Extending that, let's assume that if the favorite waits until their probability is p, then the probability is p that the other team buzzed in, and the probability the underdog is correct is .84p. Then the expected number of net points is (1-p)(55p-25)-p(25*.84p+(1-.84p)(-5-.95*30))=-104.14p^2+113.5p-25. That function peaks at p=.54 with 5.9 net points.
Similarly, with the underdog and using 1.19p instead of .84p, you get (1-p)(58.5p-33.5)-p(30*1.19p+(1-1.19p)(-5-.8*25))=-123.95p^2+117p-33.5. This function peaks at p=.47 with -5.9 net points. It sucks to have negative net points, but -5.9 net points is better than -10 net points, which is what happens if the underdog waits until their probability is 2/3.

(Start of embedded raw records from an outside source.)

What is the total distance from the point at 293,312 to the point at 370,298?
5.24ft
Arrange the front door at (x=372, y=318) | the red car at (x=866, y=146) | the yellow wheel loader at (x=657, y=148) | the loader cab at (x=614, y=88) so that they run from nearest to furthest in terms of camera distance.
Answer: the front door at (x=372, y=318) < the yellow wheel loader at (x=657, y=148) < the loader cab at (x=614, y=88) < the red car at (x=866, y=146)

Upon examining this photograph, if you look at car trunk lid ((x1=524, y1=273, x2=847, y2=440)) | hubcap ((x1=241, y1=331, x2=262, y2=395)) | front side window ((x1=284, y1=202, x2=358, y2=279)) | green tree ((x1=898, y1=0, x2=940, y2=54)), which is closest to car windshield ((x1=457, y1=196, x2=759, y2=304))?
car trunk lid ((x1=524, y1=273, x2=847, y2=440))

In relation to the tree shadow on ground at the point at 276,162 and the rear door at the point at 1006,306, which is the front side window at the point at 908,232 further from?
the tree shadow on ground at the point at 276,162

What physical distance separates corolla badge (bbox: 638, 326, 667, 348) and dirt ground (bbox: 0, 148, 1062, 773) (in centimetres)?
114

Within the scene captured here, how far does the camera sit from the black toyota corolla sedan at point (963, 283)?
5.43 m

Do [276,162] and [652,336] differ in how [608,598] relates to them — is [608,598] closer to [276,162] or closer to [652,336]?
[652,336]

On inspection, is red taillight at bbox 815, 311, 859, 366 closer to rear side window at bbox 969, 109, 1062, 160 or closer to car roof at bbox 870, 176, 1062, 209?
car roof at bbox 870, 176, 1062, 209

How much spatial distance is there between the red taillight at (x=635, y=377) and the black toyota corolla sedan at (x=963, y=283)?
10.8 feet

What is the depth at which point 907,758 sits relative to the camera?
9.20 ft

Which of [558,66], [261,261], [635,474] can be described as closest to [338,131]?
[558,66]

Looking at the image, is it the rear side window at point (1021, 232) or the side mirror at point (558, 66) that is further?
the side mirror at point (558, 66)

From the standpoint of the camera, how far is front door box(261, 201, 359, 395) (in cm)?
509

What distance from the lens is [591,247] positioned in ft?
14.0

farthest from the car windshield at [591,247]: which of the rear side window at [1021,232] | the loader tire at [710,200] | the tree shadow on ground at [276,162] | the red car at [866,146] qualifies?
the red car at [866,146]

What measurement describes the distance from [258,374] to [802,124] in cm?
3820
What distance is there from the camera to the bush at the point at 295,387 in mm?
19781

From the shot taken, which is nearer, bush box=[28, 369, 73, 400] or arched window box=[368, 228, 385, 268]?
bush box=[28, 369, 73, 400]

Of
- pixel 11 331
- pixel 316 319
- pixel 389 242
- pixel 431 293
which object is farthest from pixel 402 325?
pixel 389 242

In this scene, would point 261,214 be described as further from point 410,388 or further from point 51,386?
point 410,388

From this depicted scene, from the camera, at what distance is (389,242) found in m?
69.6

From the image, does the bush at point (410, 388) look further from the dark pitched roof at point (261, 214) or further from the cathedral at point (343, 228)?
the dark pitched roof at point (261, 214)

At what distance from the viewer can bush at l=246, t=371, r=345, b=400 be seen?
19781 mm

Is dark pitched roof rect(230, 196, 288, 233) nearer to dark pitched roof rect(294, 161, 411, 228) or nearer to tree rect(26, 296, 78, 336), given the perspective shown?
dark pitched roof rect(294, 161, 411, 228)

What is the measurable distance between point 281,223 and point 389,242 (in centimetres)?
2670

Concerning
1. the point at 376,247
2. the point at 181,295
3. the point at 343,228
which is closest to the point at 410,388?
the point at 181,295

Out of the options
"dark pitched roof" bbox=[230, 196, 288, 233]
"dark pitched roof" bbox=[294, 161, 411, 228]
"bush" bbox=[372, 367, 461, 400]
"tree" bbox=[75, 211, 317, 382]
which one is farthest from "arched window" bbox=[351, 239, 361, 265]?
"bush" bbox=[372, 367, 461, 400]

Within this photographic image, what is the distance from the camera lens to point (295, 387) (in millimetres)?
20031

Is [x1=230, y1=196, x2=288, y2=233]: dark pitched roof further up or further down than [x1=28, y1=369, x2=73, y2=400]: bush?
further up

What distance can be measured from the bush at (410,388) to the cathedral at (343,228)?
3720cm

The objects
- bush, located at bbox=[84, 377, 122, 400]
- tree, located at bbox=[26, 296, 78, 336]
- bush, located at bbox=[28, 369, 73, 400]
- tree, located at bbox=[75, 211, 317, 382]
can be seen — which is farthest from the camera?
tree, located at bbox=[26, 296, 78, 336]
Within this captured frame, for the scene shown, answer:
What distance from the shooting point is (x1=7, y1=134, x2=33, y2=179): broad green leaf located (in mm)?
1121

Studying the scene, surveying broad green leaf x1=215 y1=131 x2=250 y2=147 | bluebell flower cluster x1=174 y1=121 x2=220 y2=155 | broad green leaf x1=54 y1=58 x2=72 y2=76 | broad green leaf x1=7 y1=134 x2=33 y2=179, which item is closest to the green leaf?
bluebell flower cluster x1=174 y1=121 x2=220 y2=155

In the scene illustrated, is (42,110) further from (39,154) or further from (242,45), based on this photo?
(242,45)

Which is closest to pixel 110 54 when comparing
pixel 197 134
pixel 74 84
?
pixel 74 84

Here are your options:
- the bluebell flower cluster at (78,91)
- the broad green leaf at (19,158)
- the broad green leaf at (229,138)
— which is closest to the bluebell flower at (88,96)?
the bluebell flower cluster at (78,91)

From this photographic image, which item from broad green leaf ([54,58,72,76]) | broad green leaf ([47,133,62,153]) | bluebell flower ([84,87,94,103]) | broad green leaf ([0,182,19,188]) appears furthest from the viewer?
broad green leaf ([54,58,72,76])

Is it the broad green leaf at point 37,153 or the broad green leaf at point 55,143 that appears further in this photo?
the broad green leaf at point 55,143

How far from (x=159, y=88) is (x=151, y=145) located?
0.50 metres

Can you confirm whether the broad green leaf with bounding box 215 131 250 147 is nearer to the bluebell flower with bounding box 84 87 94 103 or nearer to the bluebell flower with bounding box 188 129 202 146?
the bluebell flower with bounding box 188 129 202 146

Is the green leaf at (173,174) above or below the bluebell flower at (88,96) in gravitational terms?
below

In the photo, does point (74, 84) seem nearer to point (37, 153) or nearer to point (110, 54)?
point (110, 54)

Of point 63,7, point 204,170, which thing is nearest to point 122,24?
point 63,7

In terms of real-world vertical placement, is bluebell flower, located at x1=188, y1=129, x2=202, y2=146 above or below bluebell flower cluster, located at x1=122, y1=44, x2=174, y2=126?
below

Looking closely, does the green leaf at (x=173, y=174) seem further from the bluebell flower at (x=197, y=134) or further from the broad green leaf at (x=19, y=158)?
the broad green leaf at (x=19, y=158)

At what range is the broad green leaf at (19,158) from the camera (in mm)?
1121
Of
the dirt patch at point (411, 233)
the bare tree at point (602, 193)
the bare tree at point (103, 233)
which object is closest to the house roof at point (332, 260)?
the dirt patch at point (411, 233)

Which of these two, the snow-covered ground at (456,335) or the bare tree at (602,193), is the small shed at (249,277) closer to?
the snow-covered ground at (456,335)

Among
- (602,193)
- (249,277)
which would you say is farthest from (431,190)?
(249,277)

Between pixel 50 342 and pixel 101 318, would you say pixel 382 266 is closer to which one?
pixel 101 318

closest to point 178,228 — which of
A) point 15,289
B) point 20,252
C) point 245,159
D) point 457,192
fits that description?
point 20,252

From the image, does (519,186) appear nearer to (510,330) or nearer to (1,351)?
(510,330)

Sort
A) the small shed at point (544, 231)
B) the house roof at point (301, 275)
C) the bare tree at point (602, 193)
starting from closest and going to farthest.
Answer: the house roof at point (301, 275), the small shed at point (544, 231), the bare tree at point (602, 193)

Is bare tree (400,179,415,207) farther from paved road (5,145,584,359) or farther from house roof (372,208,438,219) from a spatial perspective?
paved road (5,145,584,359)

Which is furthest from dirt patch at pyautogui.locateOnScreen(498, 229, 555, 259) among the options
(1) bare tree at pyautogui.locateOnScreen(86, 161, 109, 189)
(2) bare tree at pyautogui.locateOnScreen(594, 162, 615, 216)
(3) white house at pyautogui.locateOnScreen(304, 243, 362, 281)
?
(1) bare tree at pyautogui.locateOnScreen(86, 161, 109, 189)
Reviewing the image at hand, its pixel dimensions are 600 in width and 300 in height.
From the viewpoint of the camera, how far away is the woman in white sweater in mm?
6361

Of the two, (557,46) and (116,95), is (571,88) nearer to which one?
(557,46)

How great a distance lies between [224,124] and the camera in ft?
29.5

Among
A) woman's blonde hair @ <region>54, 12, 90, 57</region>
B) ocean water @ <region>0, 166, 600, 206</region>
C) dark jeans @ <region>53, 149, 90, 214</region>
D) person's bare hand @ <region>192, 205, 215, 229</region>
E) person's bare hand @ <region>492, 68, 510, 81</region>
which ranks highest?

The fact that the underdog should buzz sooner measured by their own probability of knowing the answer matches both intuition and Noah's analysis. Keep in mind that p=.54 and p=.47 is actually pretty much the same time, because the favorite having a .54 probability of guessing the answer is about the same time as the underdog having a .47 probability of guessing the answer under the assumptions I have made. Also, keep in mind that as I said at the beginning this is all based on a whole lot of simplifying assumptions that would be difficult to implement in an actual game.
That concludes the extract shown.